April 27: The reason the controversy was still going was that it had been taken up by several more prominent conservatives like Family Research Council's Tony Perkins and the National Review's Matthew J. Franck.

April 23: The reason the Grenell hiring caught those guys' attention was that on April 23, Slate's Dave Weigel recapped a weekend Twitter fight between more liberal tweeters and the American Family Association's Bryan Fischer and Media Research Center's Dan Gainor, who said hiring a gay person was by definition a "move to the left."

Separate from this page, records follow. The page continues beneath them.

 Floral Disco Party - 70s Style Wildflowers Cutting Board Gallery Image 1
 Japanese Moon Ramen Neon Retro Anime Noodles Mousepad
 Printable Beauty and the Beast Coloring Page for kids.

April 20: The reason political bloggers had so much great material to work with was because Fischer condemned Grenell's hiring in the most colorful language possible: "Romney picks out & loud gay as a spokesman. If personnel is policy, his message to the pro-family community: drop dead." Noting the Secret Service hooker scandal in Colombia, Fischer wrote in a column, "Given the propensity for members of the homosexual community to engage in frequent and anonymous sexual encounters, the risk to national security of having a homosexual in a high-ranking position with access to secret information is obvious." He demanded Romney take unpopular positions on gay rights, like calling for Don't Ask Don't Tell to return.

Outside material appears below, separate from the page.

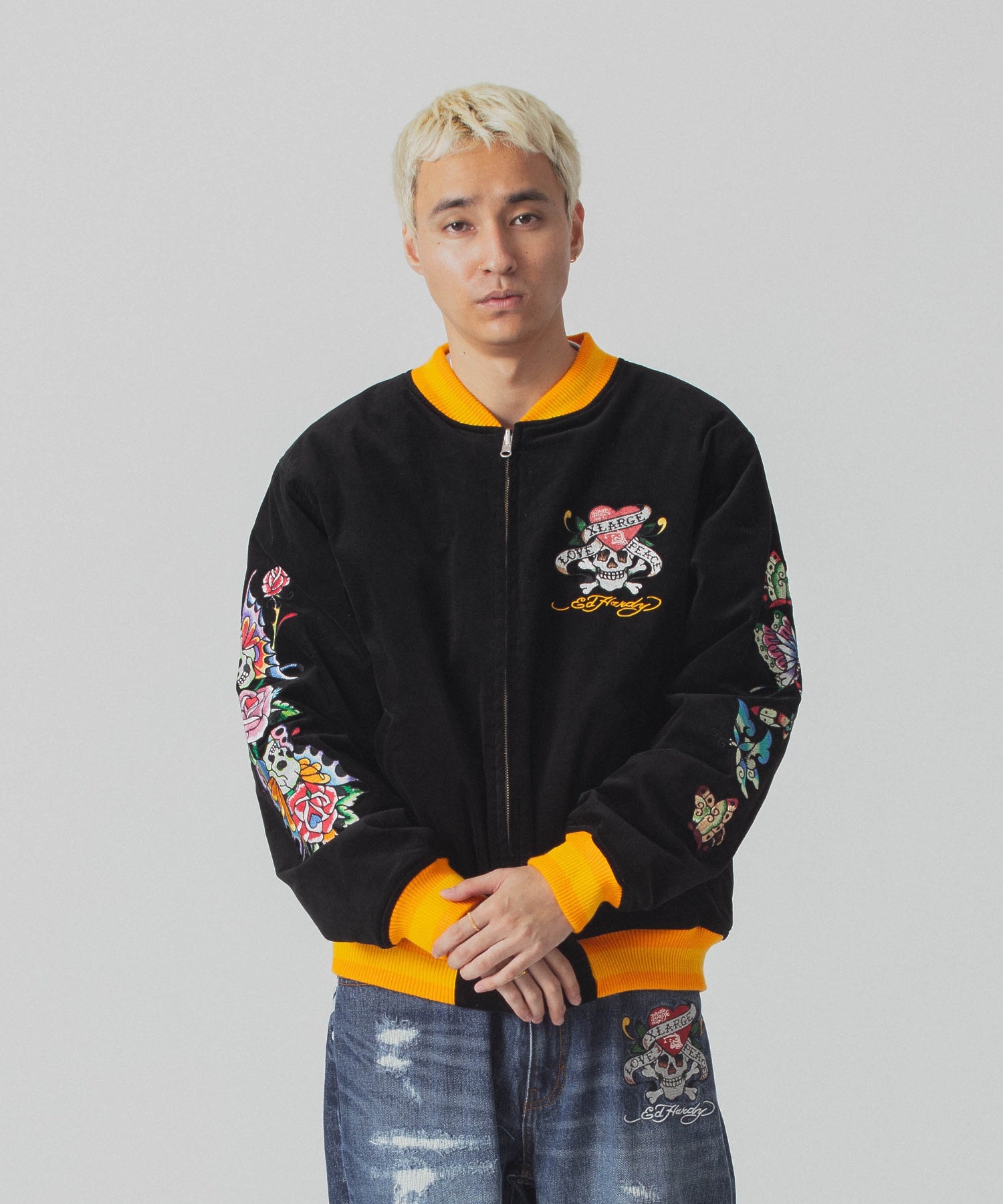 XLARGE×ED HARDY REVERSIBLE SOUVENIR JACKET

In the end, the contribution of Bryan Fischer to Obama's speech will -- just like that butterfly whose wings set off a typhoon on the other side of the world -- be forgotten by history. But it's worth noting that Fischer got just the exact opposite effect than what he wanted: instead of moving the political environment backward on gay rights -- i.e. making it a scandal for a presidential campaign to employ any openly gay people -- he moved it way forward. Nevertheless, he was basking in his accomplishment (or at least the media attention) on Wednesday: "Can you imagine Romney having to field questions about Grenell today? Or Grenell fielding questions about Romney?" he tweeted.